### Source material

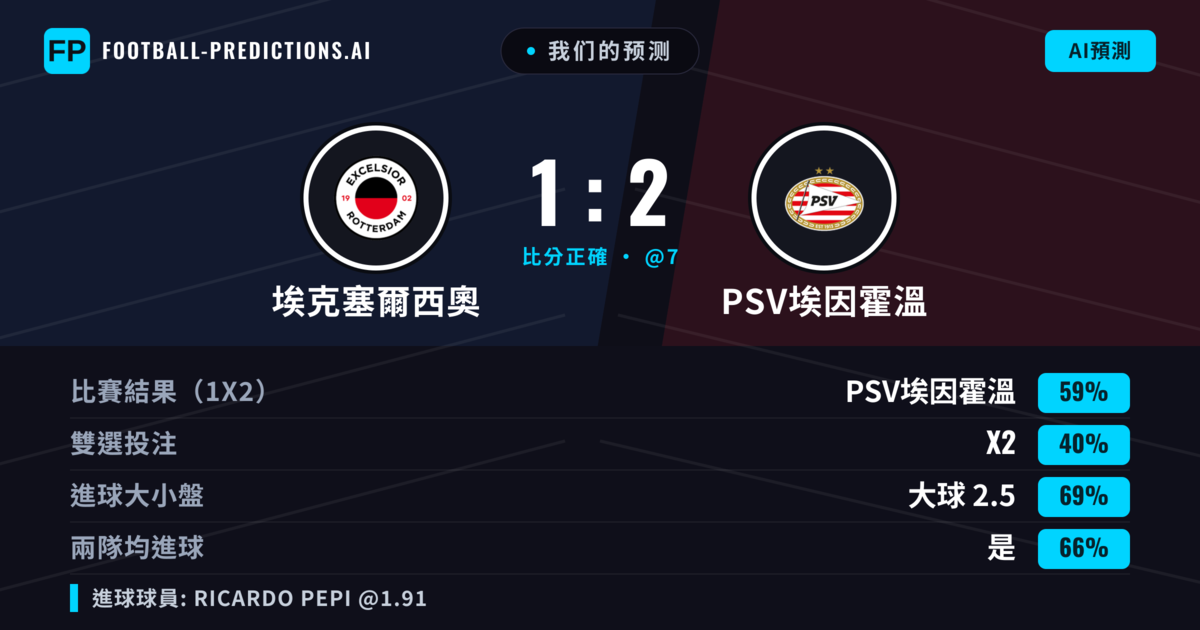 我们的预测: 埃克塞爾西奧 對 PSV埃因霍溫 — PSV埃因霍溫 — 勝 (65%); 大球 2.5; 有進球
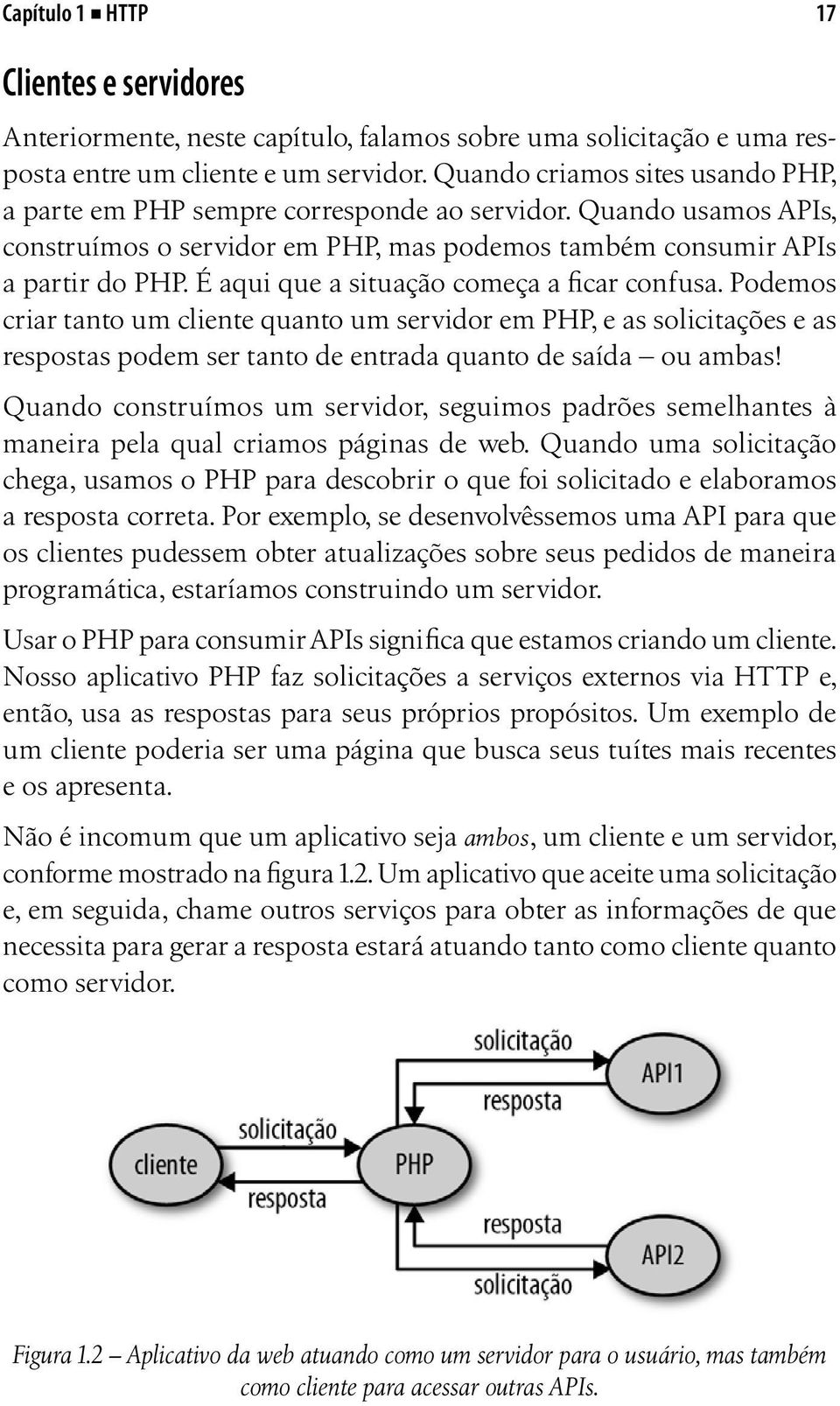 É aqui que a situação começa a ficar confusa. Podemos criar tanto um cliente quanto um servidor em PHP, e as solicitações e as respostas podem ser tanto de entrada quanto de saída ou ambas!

* * *

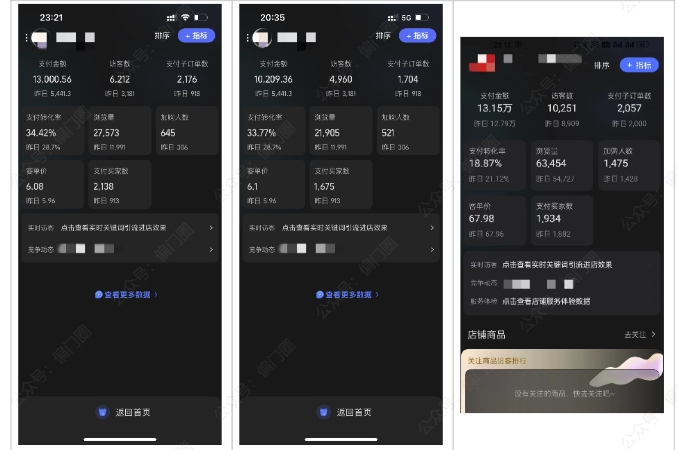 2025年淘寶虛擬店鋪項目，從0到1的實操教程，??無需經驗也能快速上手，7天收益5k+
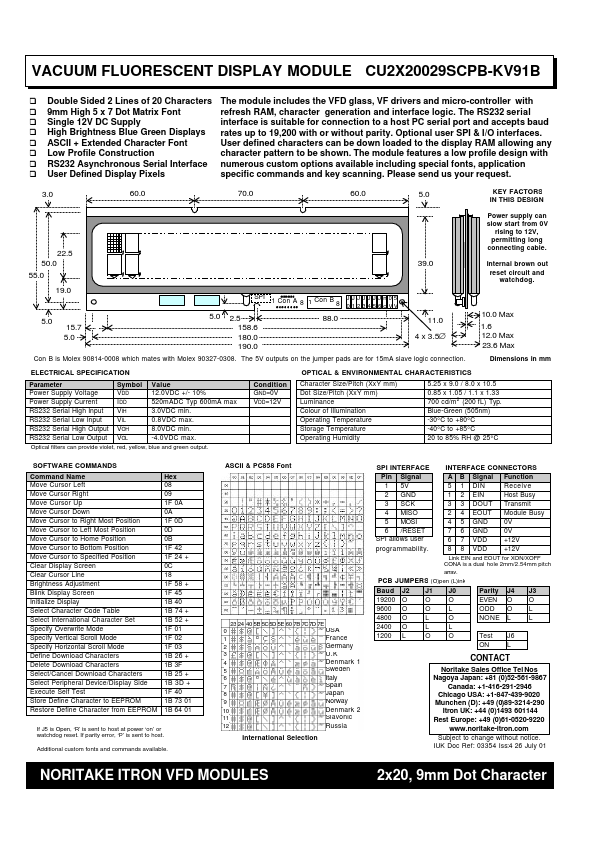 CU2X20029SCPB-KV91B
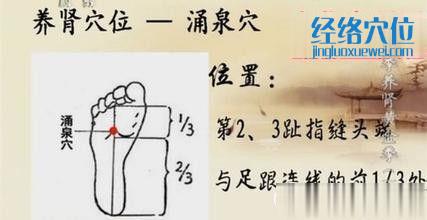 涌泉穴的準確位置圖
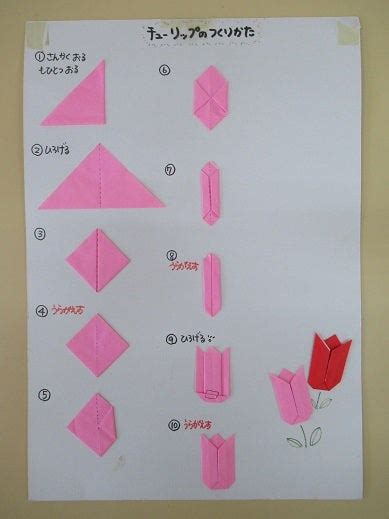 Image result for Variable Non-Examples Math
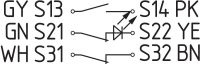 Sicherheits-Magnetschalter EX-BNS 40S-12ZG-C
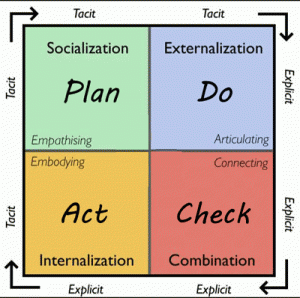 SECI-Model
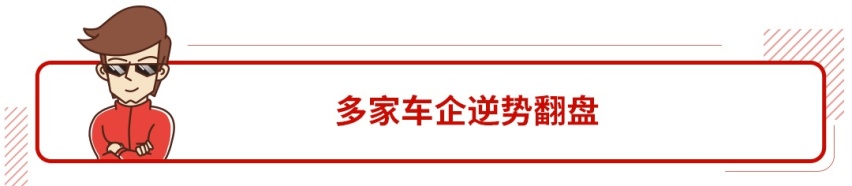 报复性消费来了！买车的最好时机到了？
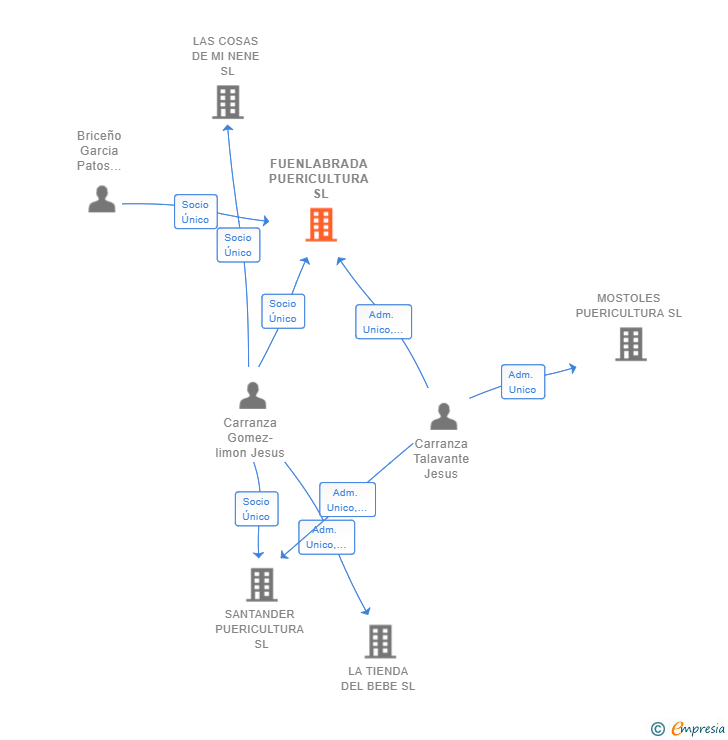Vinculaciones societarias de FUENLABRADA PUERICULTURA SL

...

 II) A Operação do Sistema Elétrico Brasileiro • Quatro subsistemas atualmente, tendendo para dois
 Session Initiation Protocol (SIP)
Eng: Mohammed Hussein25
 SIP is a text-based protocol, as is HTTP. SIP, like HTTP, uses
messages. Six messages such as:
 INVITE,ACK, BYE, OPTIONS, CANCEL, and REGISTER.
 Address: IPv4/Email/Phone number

### Task requirements
Set down, exactly as they stand above, the lines starting with the line with "CANCEL, and REGISTER." and going on through the line with "Address: IPv4/Email/Phone number", and no others.

### Task output
 INVITE,ACK, BYE, OPTIONS, CANCEL, and REGISTER.
 Address: IPv4/Email/Phone number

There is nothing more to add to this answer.